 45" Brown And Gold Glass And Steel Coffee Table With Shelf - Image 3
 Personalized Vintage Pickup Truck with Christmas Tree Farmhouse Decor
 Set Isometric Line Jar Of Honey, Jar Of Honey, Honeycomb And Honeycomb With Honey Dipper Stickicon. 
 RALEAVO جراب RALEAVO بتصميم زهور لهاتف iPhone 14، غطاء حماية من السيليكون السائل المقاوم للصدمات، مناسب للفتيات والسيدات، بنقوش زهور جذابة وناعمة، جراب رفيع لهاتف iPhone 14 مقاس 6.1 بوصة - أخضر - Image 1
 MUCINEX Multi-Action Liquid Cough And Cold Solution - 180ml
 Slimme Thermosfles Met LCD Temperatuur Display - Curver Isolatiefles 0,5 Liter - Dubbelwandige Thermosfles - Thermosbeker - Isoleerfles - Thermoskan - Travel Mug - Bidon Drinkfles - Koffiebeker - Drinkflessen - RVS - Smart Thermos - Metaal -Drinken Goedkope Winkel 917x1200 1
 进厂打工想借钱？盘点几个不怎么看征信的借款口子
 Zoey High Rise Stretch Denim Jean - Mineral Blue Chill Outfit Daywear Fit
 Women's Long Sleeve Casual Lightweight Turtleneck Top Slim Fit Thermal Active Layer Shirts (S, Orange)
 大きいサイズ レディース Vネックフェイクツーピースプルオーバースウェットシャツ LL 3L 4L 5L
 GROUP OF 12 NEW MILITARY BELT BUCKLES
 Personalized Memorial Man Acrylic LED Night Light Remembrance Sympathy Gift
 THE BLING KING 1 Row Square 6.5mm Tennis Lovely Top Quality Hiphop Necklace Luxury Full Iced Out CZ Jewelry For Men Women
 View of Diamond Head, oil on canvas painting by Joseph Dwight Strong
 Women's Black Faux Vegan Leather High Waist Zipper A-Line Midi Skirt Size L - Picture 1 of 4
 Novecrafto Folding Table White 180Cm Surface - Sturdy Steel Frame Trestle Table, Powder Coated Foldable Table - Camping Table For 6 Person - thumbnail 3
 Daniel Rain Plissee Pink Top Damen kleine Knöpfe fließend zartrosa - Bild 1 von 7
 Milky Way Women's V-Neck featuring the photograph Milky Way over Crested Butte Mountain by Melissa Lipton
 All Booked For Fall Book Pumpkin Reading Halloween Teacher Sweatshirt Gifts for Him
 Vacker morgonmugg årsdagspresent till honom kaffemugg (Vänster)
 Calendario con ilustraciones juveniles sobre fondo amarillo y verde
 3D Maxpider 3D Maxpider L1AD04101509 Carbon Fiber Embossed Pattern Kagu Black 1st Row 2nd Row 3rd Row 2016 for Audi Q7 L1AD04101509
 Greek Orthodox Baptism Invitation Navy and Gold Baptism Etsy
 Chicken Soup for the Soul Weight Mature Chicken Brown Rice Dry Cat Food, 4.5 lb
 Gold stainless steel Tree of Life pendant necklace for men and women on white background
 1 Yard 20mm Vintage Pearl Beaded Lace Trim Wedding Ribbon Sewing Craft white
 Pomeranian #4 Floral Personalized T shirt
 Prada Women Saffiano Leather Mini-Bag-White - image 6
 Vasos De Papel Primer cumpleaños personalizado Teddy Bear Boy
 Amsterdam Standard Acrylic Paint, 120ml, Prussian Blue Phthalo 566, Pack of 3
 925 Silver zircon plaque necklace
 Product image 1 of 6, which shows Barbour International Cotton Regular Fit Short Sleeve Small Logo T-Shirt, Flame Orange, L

(DIRECTIONS): Using the entries above, return each line in which the word "Black" occurs.

(THE COMPLETED TASK):
 Women's Black Faux Vegan Leather High Waist Zipper A-Line Midi Skirt Size L - Picture 1 of 4
 3D Maxpider 3D Maxpider L1AD04101509 Carbon Fiber Embossed Pattern Kagu Black 1st Row 2nd Row 3rd Row 2016 for Audi Q7 L1AD04101509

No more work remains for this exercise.